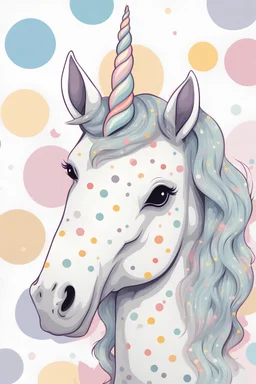 An illustration of polka dots consisting of a unicorn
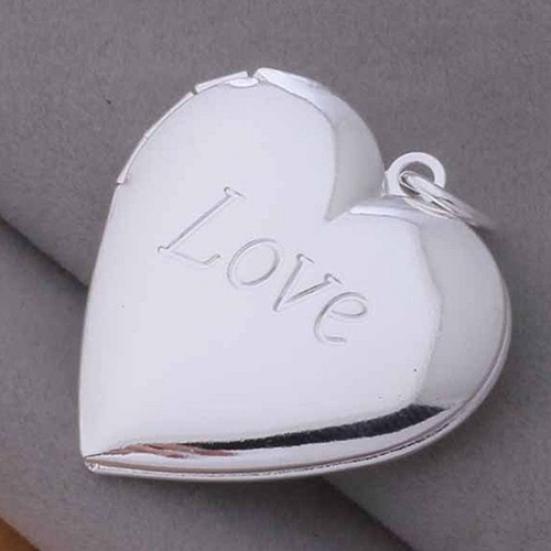 Unisex Silver Plated Heart Locket Photo Pendant Necklace Jewelry Charm Gift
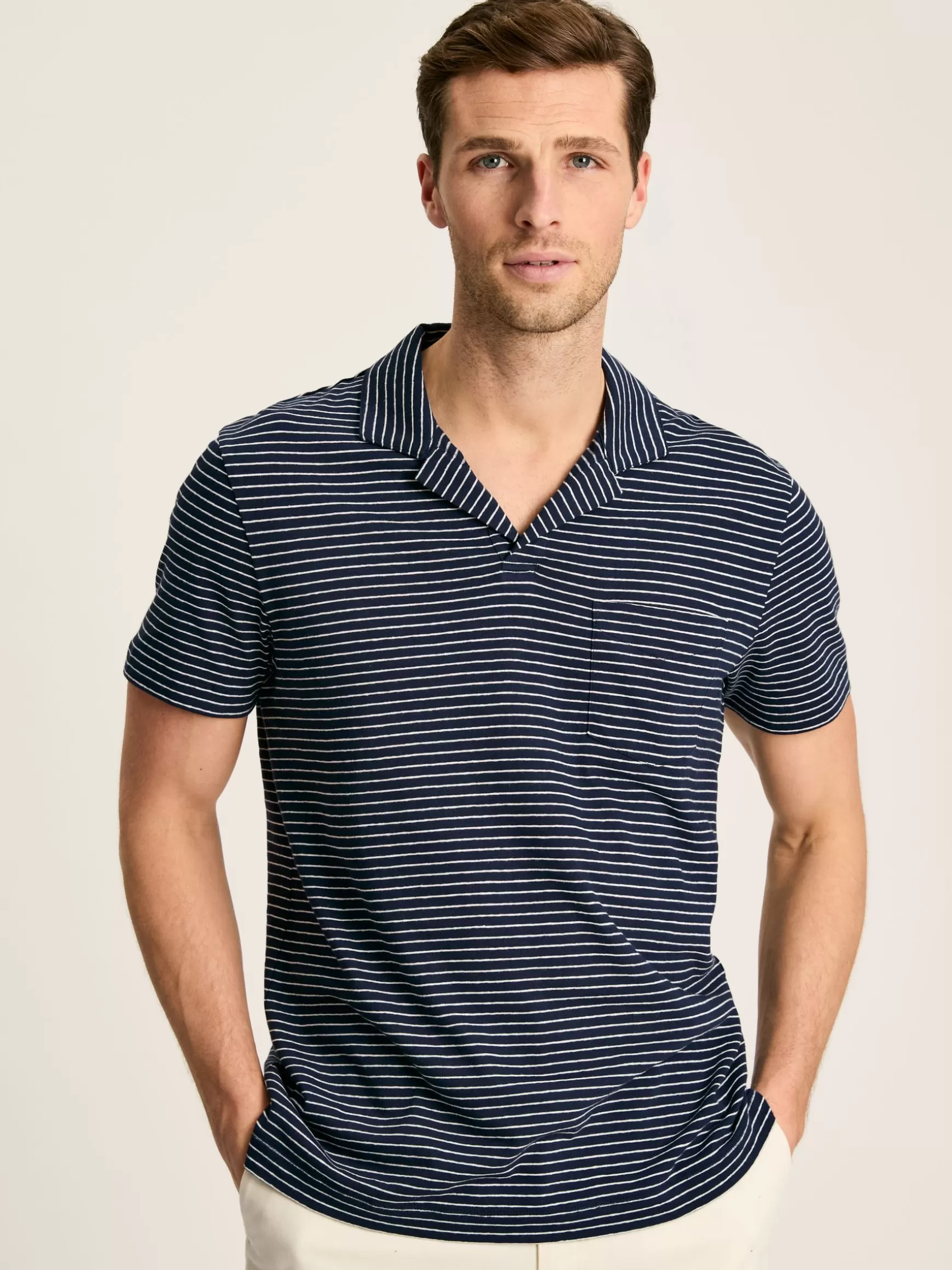 Linen Blend Navy Blue Striped Polo Shirt^Joules Clearance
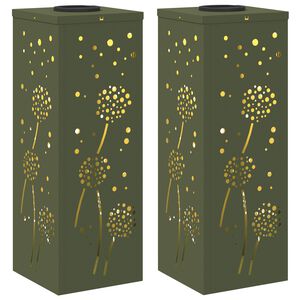 vidaXL Faro LED solare per sentieri 2 pz Bianco caldo 18 x 18 x 50 cm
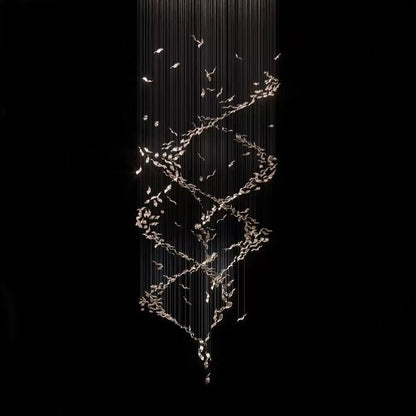 Extra Large Luxury Art Double Spiral Creative Crystal Chandelier For High-ceiling Foyer/Hallway/Entryway - Zelno Lighting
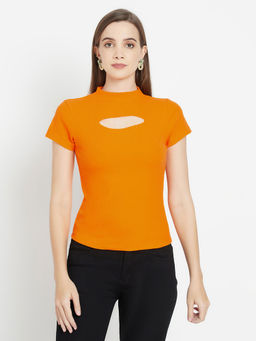 IKI CHIC - Orange Solid Orange Cut Out Knitted Short Sleeve Body Fit Top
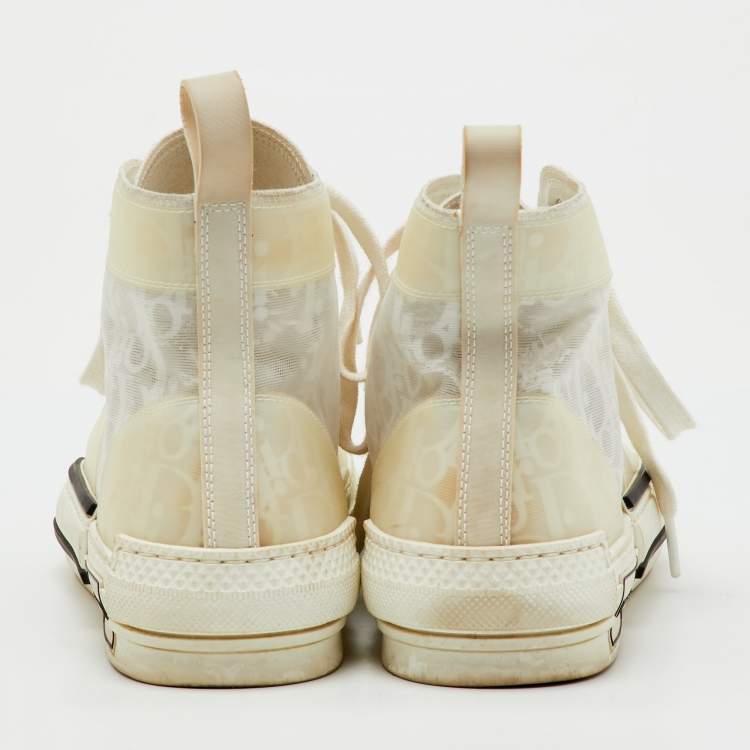 Pre Owned Dior White Oblique Mesh and Rubber B23 High Top Sneakers Size 38
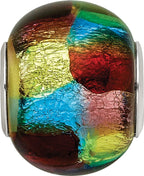 Reflection Beads Sterling Silver Rhodium-Plated Multi-Colored Metallic Glass Bead - Sophia Jewelers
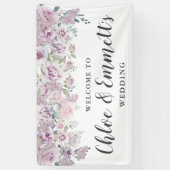 Banderoles Mariage floral violet et blanc rustique (Vertical)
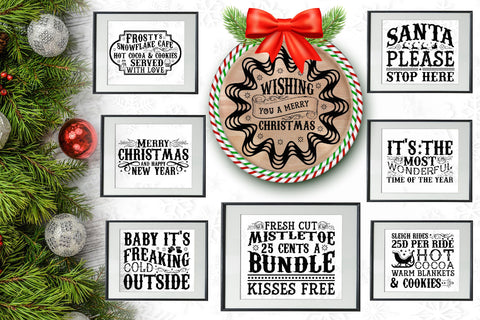 Vintage Christmas Sign Bundle SVG Rupkotha 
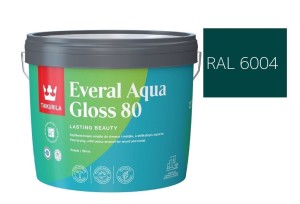 TIKKURILA Everal Aqua Gloss [80] 2,7l Połysk KOLOR ZIELONO NIEBIESKI RAL 6004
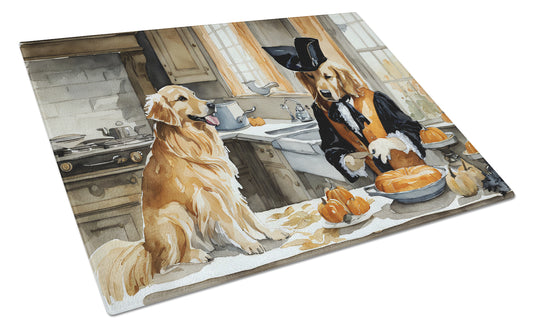 Buy this Golden Retriever Fall Kitchen Pumpkins Glass Cutting Board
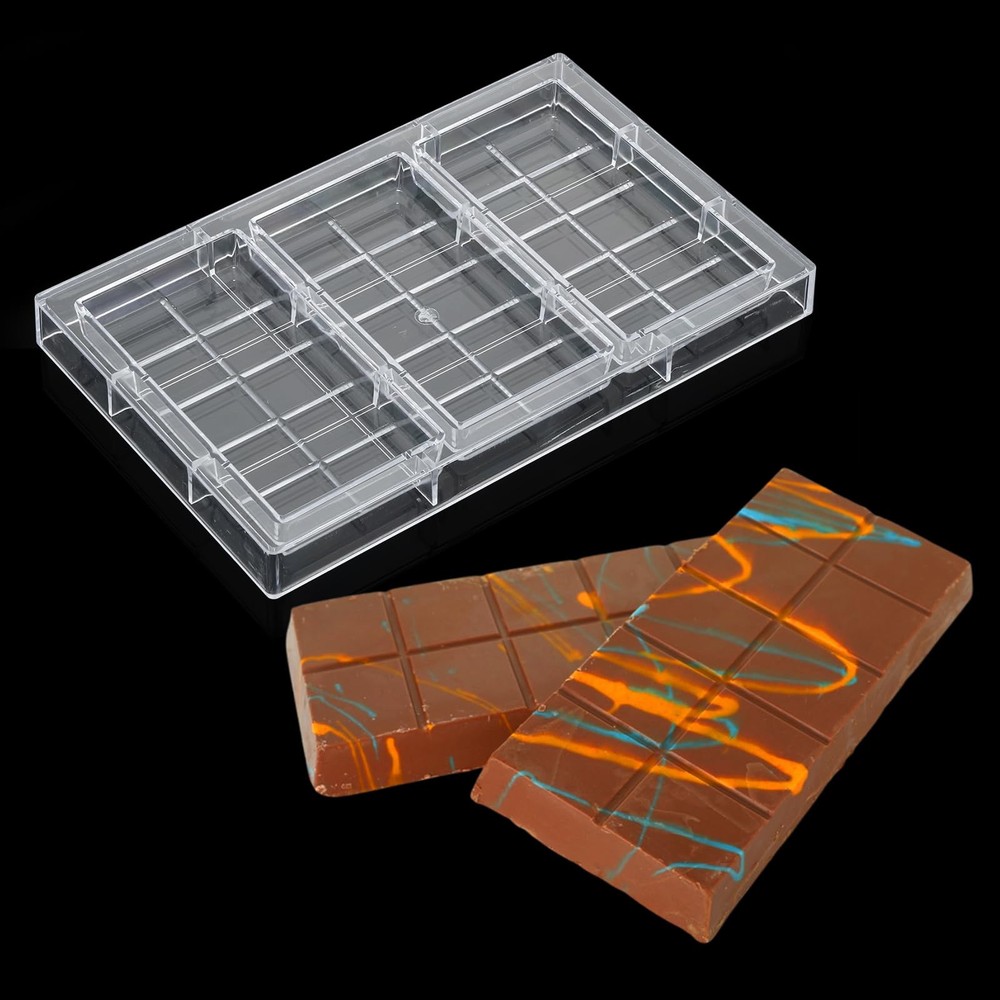 Polycarbonate Mold For Dubai Chocolates 3Cavity Deep Bar Candy Maker PC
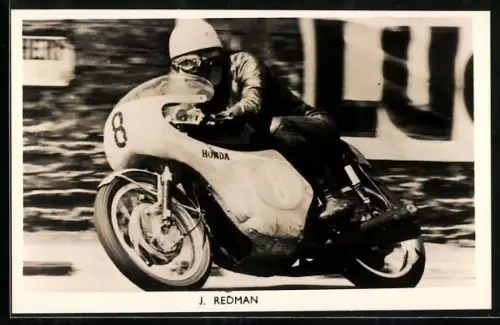 AK Rennfahrer J. Redman auf Honda Motorrad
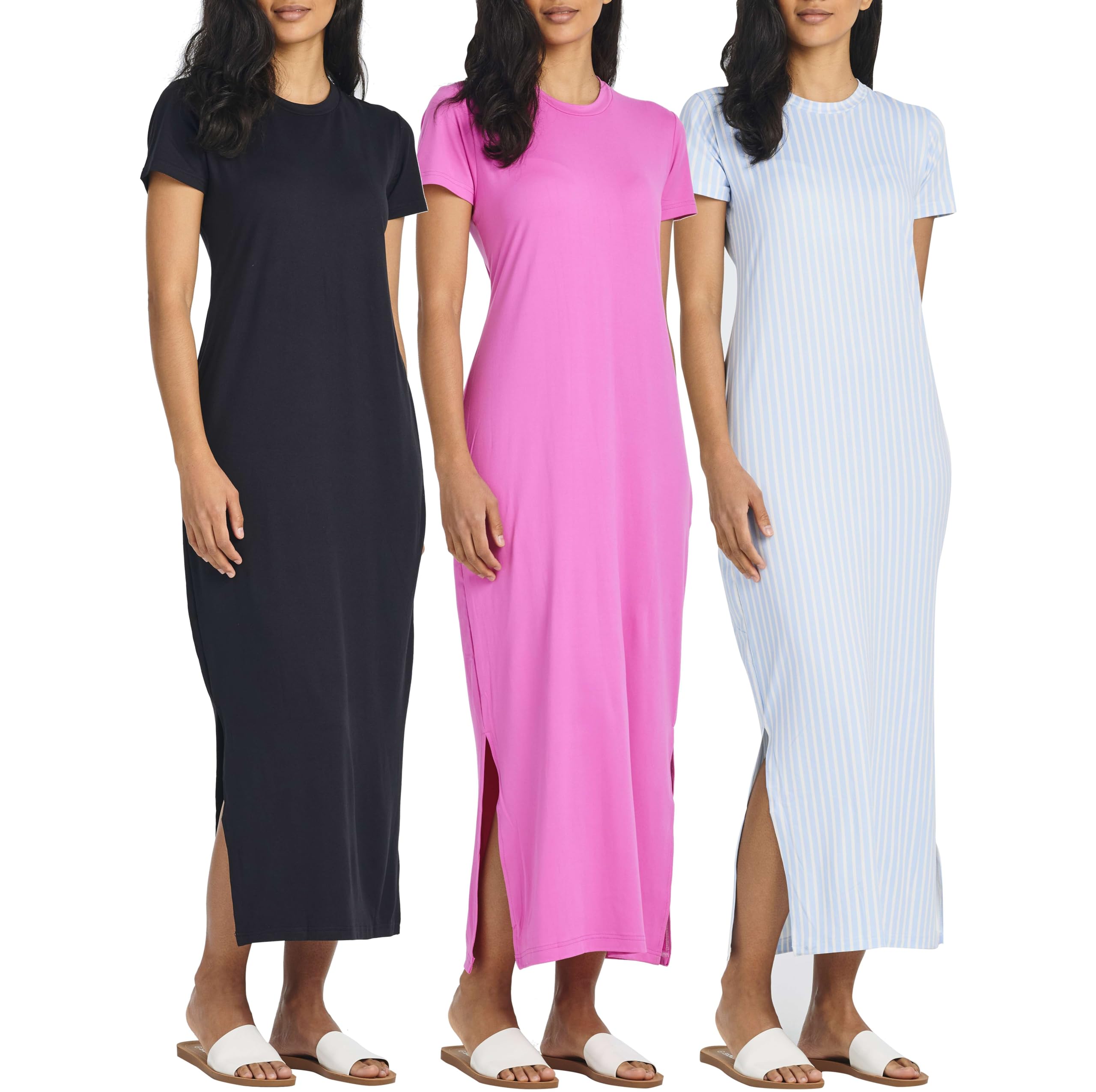 Real Essentials 3 Pack Women's Casual Short Sleeve Maxi T-Shirt Summer Dresses with Side Slit & Pockets - Plus Size Available - Perfect for Beach, Vacation & Everyday Wear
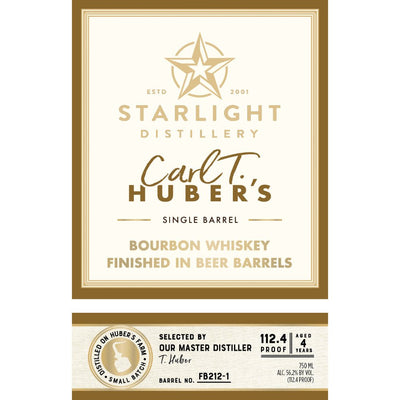 Starlight Carl T. Huber’s Bourbon Finished in Beer Barrels - Main Street Liquor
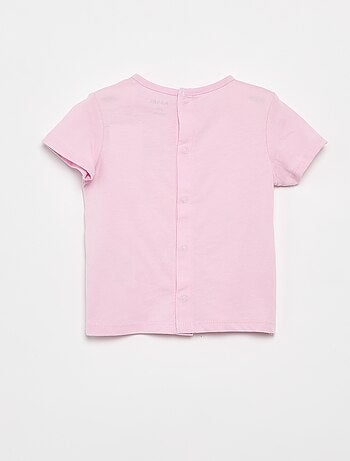 Camiseta estampada y bordada de manga corta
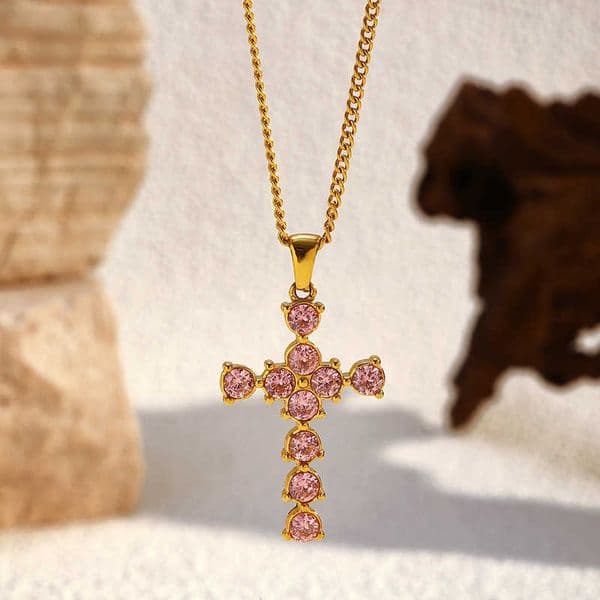 Cross Stainless Steel Necklace Light Luxury Simple Titanium Steel Pendant 18K Electroplated Jewelry Necklace L2606034XNC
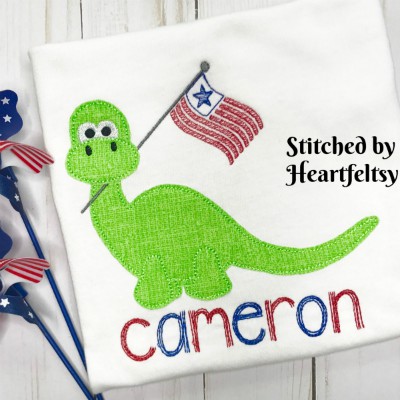 dino with flag applique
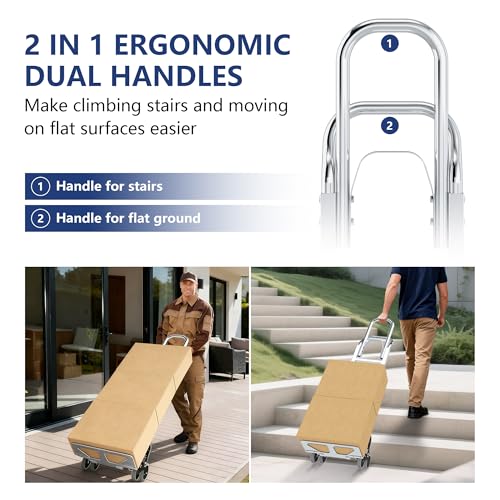 Stair Climbing Cart, 600 lbs Capacity Stair Climber, Hand Truck Dolly with Stretchable Dual Handle, 2 in 1 Heavy-Duty Trolley Cart, 6 Wheels Stair Dolly 2 Elastic Rope for Home Moving Warehouse - color: Sliver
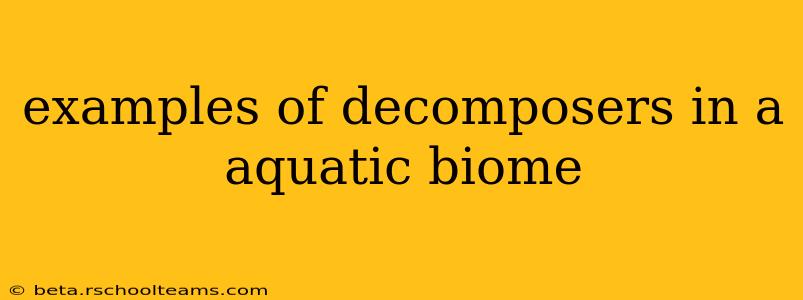 examples of decomposers in a aquatic biome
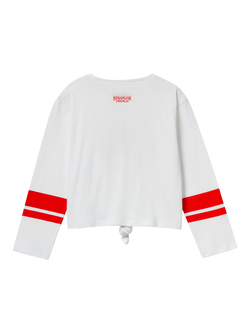 Benetton Kids' Cotton Stripe Graphic Long Sleeve T-Shirt, White - view 2, White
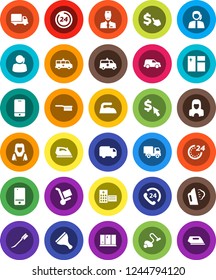 White Solid Icon Set- scraper vector, vacuum cleaner, fetlock, car, window cleaning, iron, steaming, shining, woman, dollar cursor, phone 24, support, delivery, mobile, hospital building, amkbulance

--

» **Exercise prompt**
Please extract exactly the lines of the data, from the first through the line containing "vidaXL Faro LED", and add no pictures to the copy.

» **Solution to the exercise**
 An illustration of polka dots consisting of a unicorn
 Unisex Silver Plated Heart Locket Photo Pendant Necklace Jewelry Charm Gift
 Linen Blend Navy Blue Striped Polo Shirt^Joules Clearance
 vidaXL Faro LED solare per sentieri 2 pz Bianco caldo 18 x 18 x 50 cm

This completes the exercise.